Negative sampling is a variation of NCE used by the popular word2vec tool which generates a proxy corpus and also learns $\theta$ as a binary classification problem, but it defines the conditional probabilities given $(w, c)$ differently:

$$

p(D = 0|c, w) = \cfrac{1}{u_\theta (w, c) + 1} \\
p(D = 1|c, w) = \cfrac{u_\theta (w, c)}{u_\theta (w, c) + 1}

$$

This objective can be understood as follows: it equivalent to NCE when $k = |V|$ and $q$ is uniform. As a result, aside from the $k = |V|$ and uniform $q$ case, the conditional probabilities of $D$ given $(w, c)$ are not consistent with the language model probabilities of $(w, c)$ and therefore the $\theta$ estimated using this as an objective will not optimize the likelihood of the language model. Thus, while negative sampling may be appropriate for word representation learning, it does not have the same asymptotic consistency guarantees that NCE has.

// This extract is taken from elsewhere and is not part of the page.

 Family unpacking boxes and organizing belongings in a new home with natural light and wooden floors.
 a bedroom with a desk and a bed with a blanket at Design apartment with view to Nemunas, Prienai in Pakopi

[1] Dyer, Chris. "Notes on noise contrastive estimation and negative sampling." arXiv preprint arXiv:1410.8251 (2014).

## 15.2.2 Hierarchical Softmax

As an alternative approximate training method, hierarchical softmax uses the binary tree, a data structure illustrated in the follo, where each leaf node of the tree represents a word in dictionary $\mathcal{V}$.

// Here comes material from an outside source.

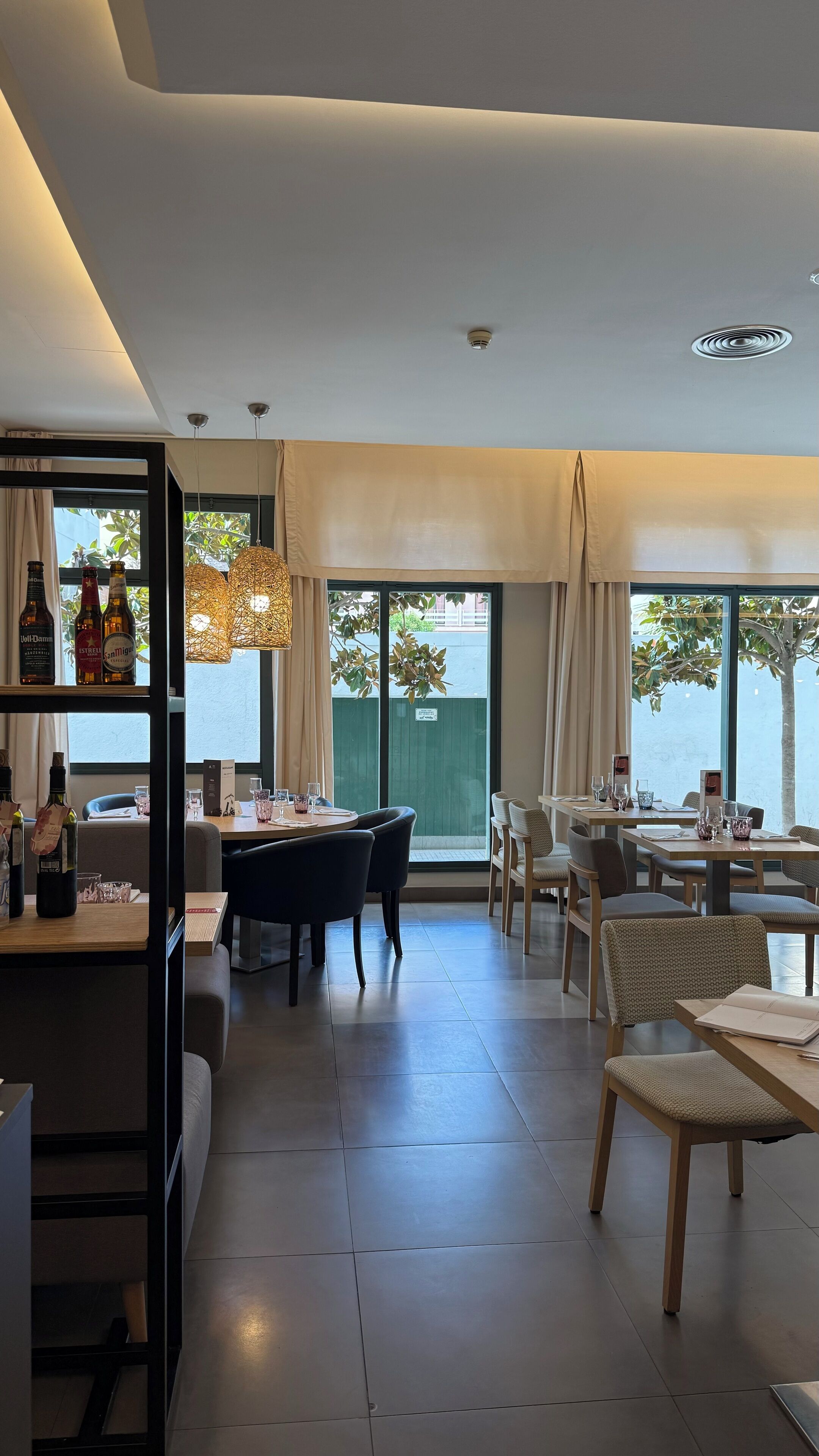 Un comedor moderno con barra, varias mesas y sillas.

![image.png](attachment:image.png)

Denote by $L(w)$ the number of nodes (including both ends) on the path from the root node to the leaf node representing word $w$ in the binary tree. Let $n(w, j)$ be the $j^{th}$ node on this path, with its context word vector being $\mathbf{u}_{n(w, j)}$. For example $L(w_3) = 4$ in the abov figure. Hierarchical softmax approximates the conditional probability as:

$$

P(w_o | w_c) = \prod_{j=1}^{L(w_o) - 1} \sigma(\mathbf{I}\left[ n(w_o, j+1) = leftChild(n(w_o, j)) \right] \cdot \mathbf{u}_{n(w_o, j)}^T \mathbf{v}_c)

$$


where $\mathbb{I}$ is an indicator variable which denotes +1 if the event is true, and -1 else.

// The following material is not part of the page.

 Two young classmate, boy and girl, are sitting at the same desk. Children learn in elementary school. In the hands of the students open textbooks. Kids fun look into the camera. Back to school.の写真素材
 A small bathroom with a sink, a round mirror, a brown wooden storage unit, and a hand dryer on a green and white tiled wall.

To illustrate, let's calcualte the conditional probability of generating word $w_3$ given word $w_c$. This requires dot products between the word vector $\mathbf{v}_c$ of $w_c$ and non-leaf node vectors on the path from the root to $w_3$, which is traversed left, right, then left:


$$

P(w_3 | w_c) = \sigma(\mathbf{u_{n(w_3, 1)}^T \mathbf{v_c}})\sigma(-\mathbf{u_{n(w_3, 2)}^T \mathbf{v_c}})\sigma(\mathbf{u_{n(w_3, 3)}^T \mathbf{v_c}})

$$

Fortunately, since $L(w_o) - 1$ is on the order $\mathcal{O}(log_2 |\mathcal{V}|)$ due to the binary tree structure, when the dictionary size $\mathcal{V}$ is huge, the computational cost for each training step using hierarchical softmax is significantly reduced compared with that without approximate training.